WHAT YOU ARE ASKED TO DO: Output all of the data below without changing a word, and exclude the pictures.

TASK INPUT:
####

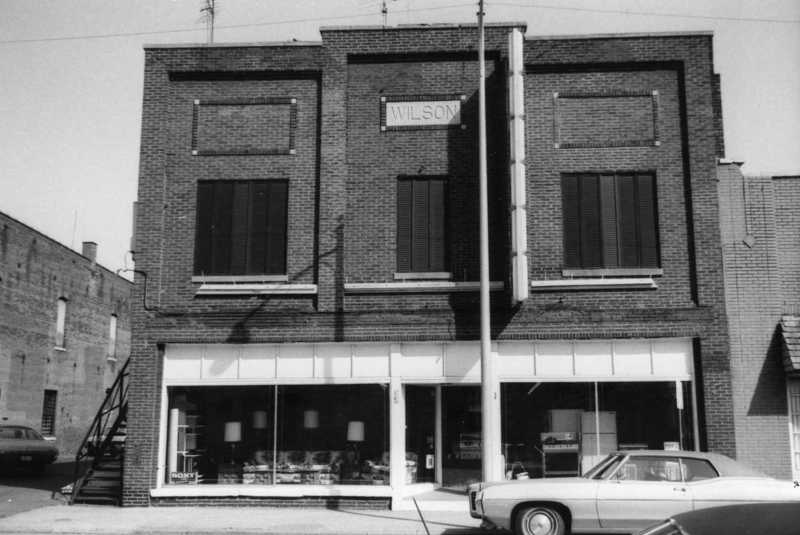 A two-story brick building with a sign "WILSON" and a vintage car parked in front.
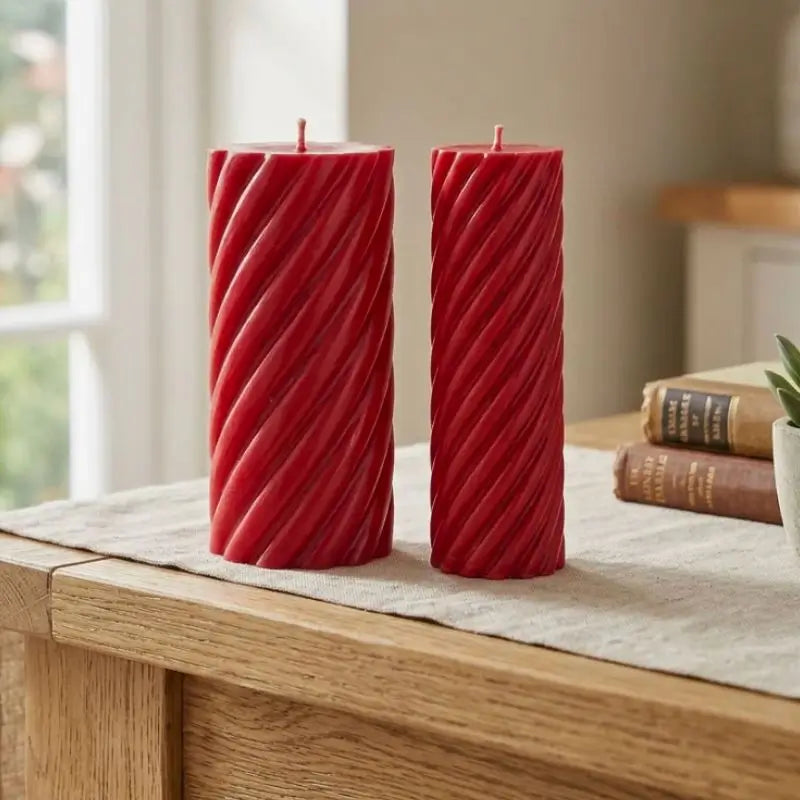 Pillar Candle Set featuring two spiral columns in red, one broad and sculptural, the other slimmer, perfect for any table centerpiece.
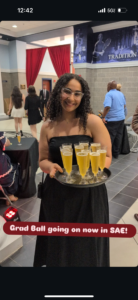 Amira Said serves champagne during Grad Ball at UMW's Anderson Center. An environmental sciences major, Said took her time finding a major that fit her passions and plans for the future.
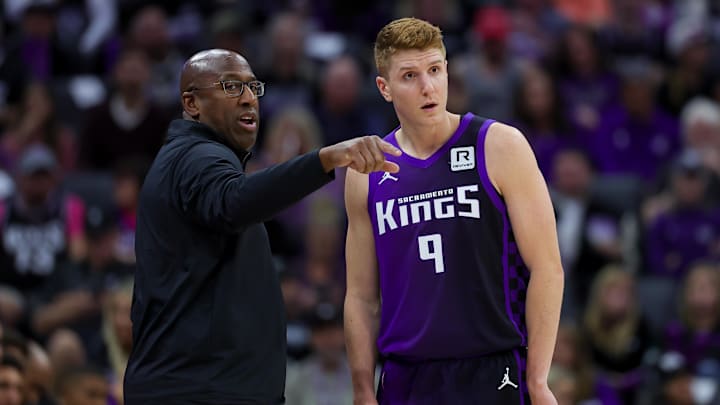 Oct 28, 2024; Sacramento, California, USA; Sacramento Kings head coach Mike Brown instructs guard Kevin Huerter (9) during the third quarter against the Portland Trail Blazers at Golden 1 Center. Mandatory Credit: Sergio Estrada-Imagn Images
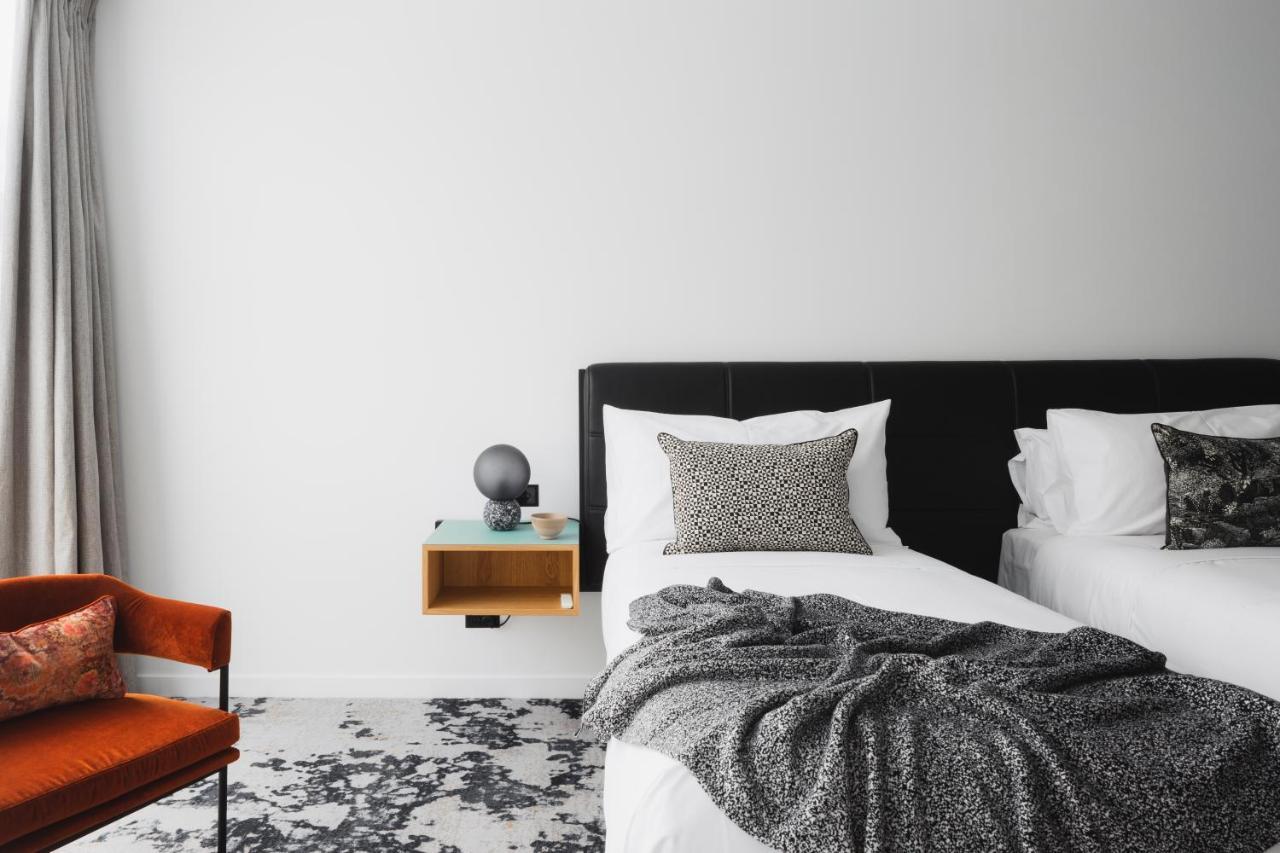 Ebb-Dunedin Exterior foto A bedroom with a bed, a chair and a nightstand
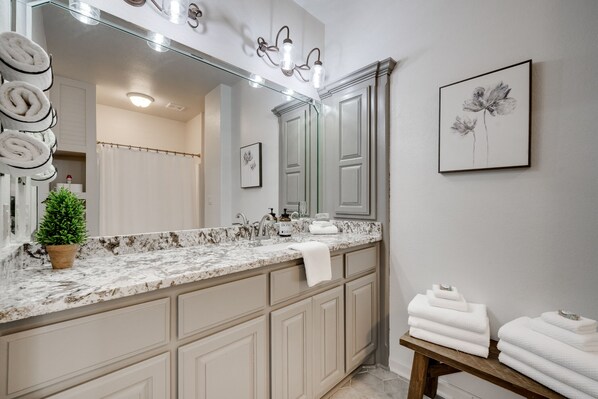 Un baño con encimera de mármol, un lavabo, un espejo, una planta en maceta y toallas sobre un banco.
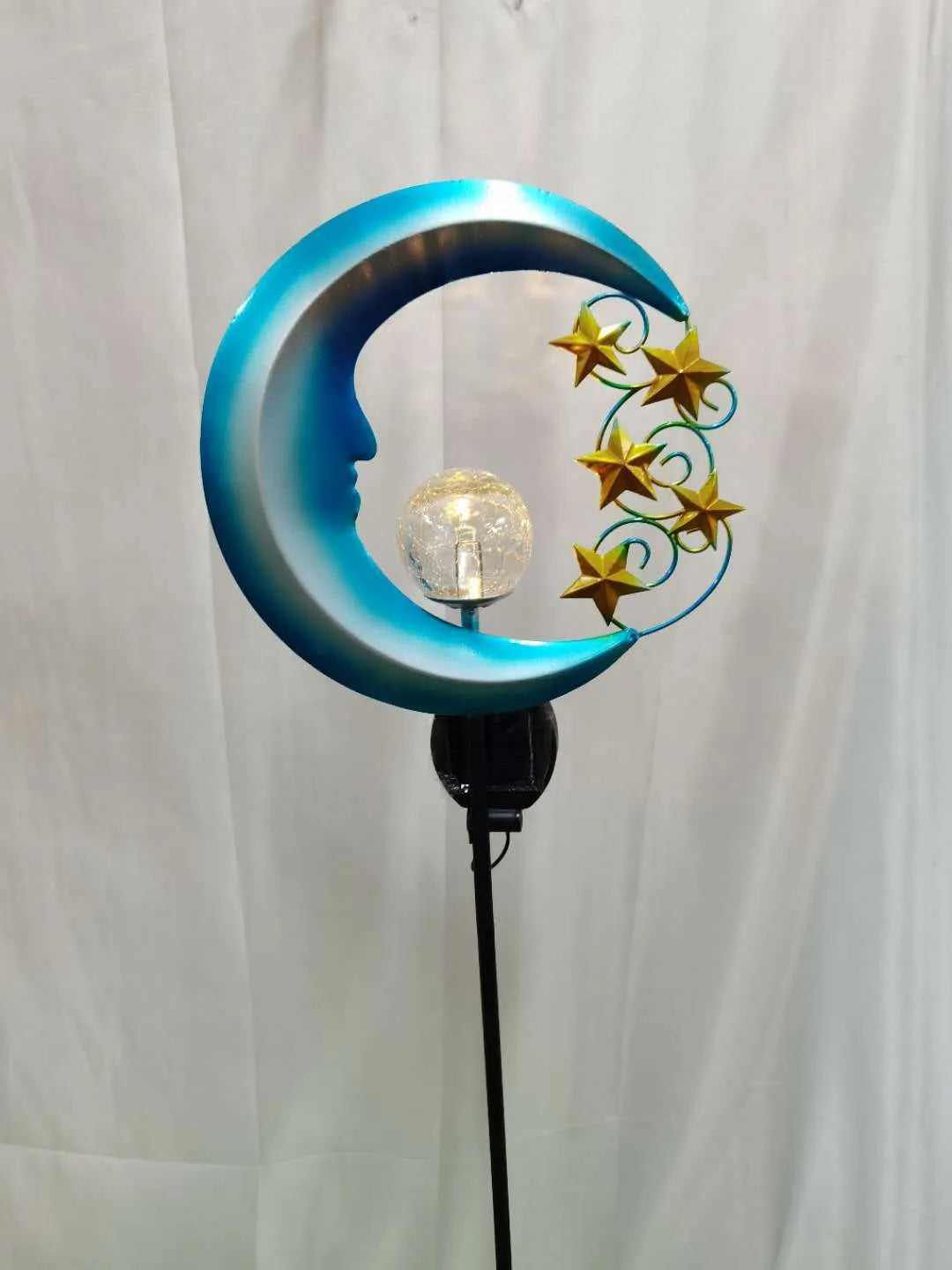 Blue moon-shaped solar garden light with wrought iron metal frame and crack glass ball.
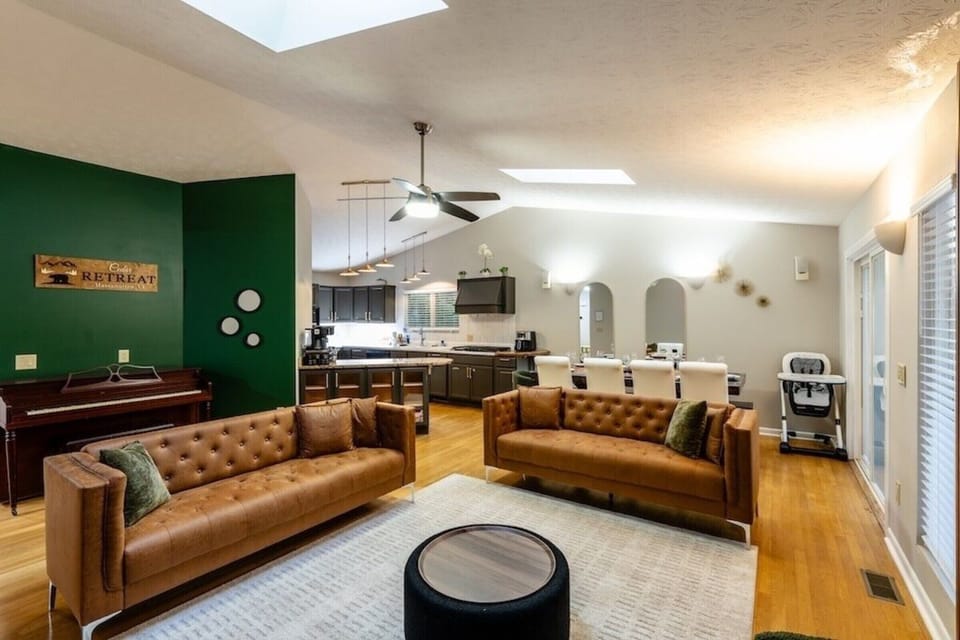 Bright open living space with leather sofas, skylights, and dining area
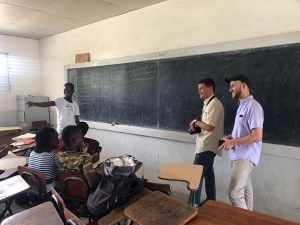 University of Maryland architecture students from Roots Home and Abroad talking with school children at the Leogane School in Haiti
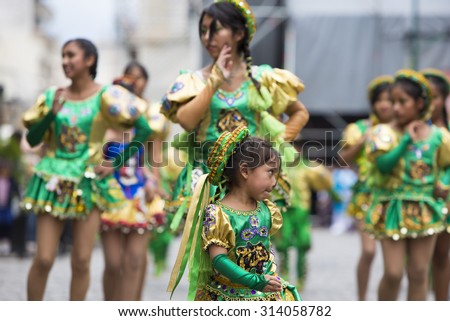 SALTA, ARGENTINA, DEC 18: Young women performers dancing and celebrating the opening of the carnival of Salta in the street with colorful costumes. North of Argentina 2014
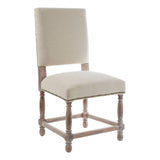 Beige upholstered dining chair with wooden legs and nailhead trim on white background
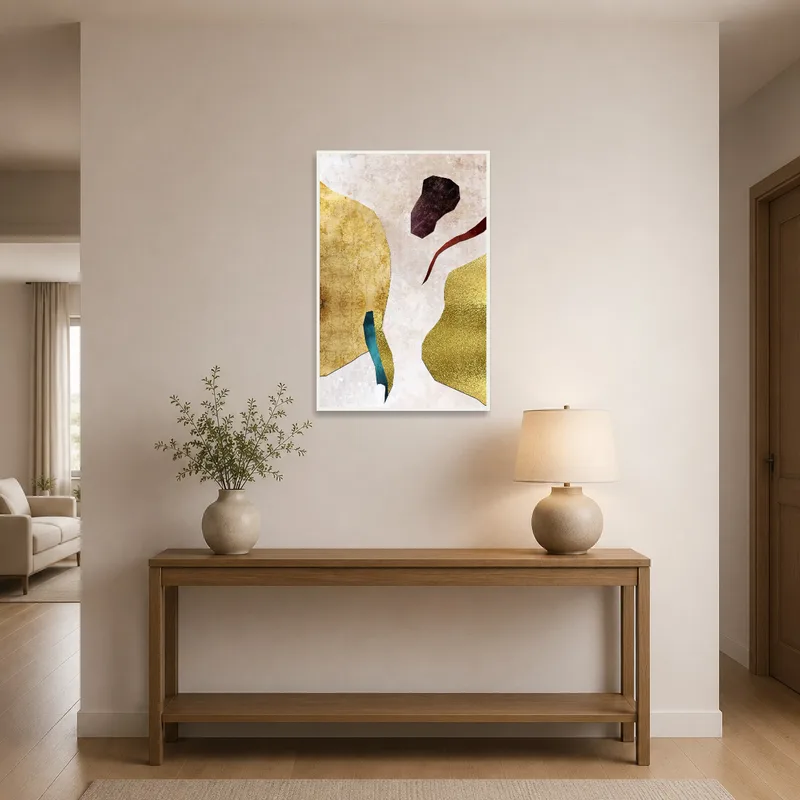 Abstract metallic collage in earthy tones adding warmth to an entrance hall with sleek flooring.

####

FINISHED TASK:
 A two-story brick building with a sign "WILSON" and a vintage car parked in front.
 Pillar Candle Set featuring two spiral columns in red, one broad and sculptural, the other slimmer, perfect for any table centerpiece.
 Amira Said serves champagne during Grad Ball at UMW's Anderson Center. An environmental sciences major, Said took her time finding a major that fit her passions and plans for the future.
 Oct 28, 2024; Sacramento, California, USA; Sacramento Kings head coach Mike Brown instructs guard Kevin Huerter (9) during the third quarter against the Portland Trail Blazers at Golden 1 Center. Mandatory Credit: Sergio Estrada-Imagn Images
 Ebb-Dunedin Exterior foto A bedroom with a bed, a chair and a nightstand
 Un baño con encimera de mármol, un lavabo, un espejo, una planta en maceta y toallas sobre un banco.
 Blue moon-shaped solar garden light with wrought iron metal frame and crack glass ball.
 Bright open living space with leather sofas, skylights, and dining area
 University of Maryland architecture students from Roots Home and Abroad talking with school children at the Leogane School in Haiti
 SALTA, ARGENTINA, DEC 18: Young women performers dancing and celebrating the opening of the carnival of Salta in the street with colorful costumes. North of Argentina 2014
 Beige upholstered dining chair with wooden legs and nailhead trim on white background
 Abstract metallic collage in earthy tones adding warmth to an entrance hall with sleek flooring.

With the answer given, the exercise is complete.